$150M Cayman Islands Cruise Port is Approved
The cabinet of Alden McLaughlin, the Cayman Islands’ premier, has granted formal approval of the government’s $150 million cruise ship port plan, McLaughlin announced at a press conference Wednesday.
“I am pleased to confirm that yesterday Cabinet formally approved the cruise berthing facility recommendations regarding project delivery so the project can now progress to the next stage,” he said.
The Cayman Islands leader acknowledged potential environmental risks associated with the controversial project, which would include dredging of coral and dive sites in Grand Cayman’s George Town harbor, where the facility would be located. Yet the cruise port is too important to the country’s future not to go ahead, said McLaughlin.
“This government is very aware that our natural environment is integral to the viability of our tourism product,” he said. “We are committed to ensuring that any berthing facility built under our watch will be done carefully and responsibly to cause the least possible environmental impact.
“But we have spent 40 years building an important cruise tourism economic driver,” said McLaughlin, “and we are duty bound to ensure that we do not sit still and allow it to move to Cuba or other destinations in the region.”
The premier added that his administration was elected on a platform that included development of a new cruise port, a project he said would ensure that “existing local jobs that cater to and depend on cruise tourism are kept intact and retained into the future.”
He said the new port will impact the livelihoods of “hundreds of Caymanian tour and taxi operators, employees of George Town merchants and restaurants, and employees of businesses of all sizes across Grand Cayman that benefit from cruise tourism.”
Furthermore, the report from project consultants PwC estimates the “positive economic impact from capital expenditure during the construction of the cruise and enhanced cargo berthing facility, over a three-year period, is estimated to be at least $156 million,” McLaughlin said. The port would be owned by the Cayman Islands upon completion and create 500 jobs during the construction period, he added.
McLaughlin said the next steps include “discussing with the cruise lines their participation in the financing” in the new port.
The cabinet approval marks a key step in the destination’s decade-long effort to build a cruise ship terminal capable of accommodating modern cruise ships. The effort extends to previous administrations and has included several false starts.
“We are all aware that successive governments have wrestled with the provision of a cruise berthing facility and several million dollars have been spent with little to nothing to show for it,” said Moses Kirkconnell, the Cayman Islands’ deputy premier and tourism minister.
He said the current initiative has been transparent and based on best practices. “All the reports, studies and intellectual property gathered belong to the people of the Cayman Islands. Furthermore, all of the reports have been released for public review,” he said.
Kirkconnell called opposition to the controversial project “disconcerting.” Throughout the process, environmentalists, dive operators specializing in George Town harbor sites and other Cayman citizens have opposed the project, saying the projects’ impact on harbor coral beds would be devastating.

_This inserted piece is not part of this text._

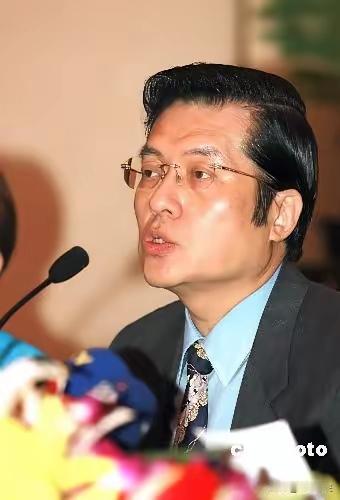 国民党副主席一句话炸翻绿营：我们是道道地地的台湾人，也是堂堂正正的中国人！话说得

“While there is much to be proud of with respect to the process that has been followed, it has been disconcerting to see this project polarizing the community,” he said. “This is somewhat surprising considering a berthing facility has been on the cards for development in the George Town harbor for over a decade.”
Kirkconnell added, “We are fully aware our tourism product is supported by the natural beauty of our environment. Therefore we remain committed to identifying the best possible option that will deliver the most economic benefit with the least environmental harm.”
He said the government is working to secure agreements with the cruise lines on cruise passenger volumes at a completed port, which “would effectively allow the project to continue on to its next phase of development issuing of tenders for the design/build aspects.”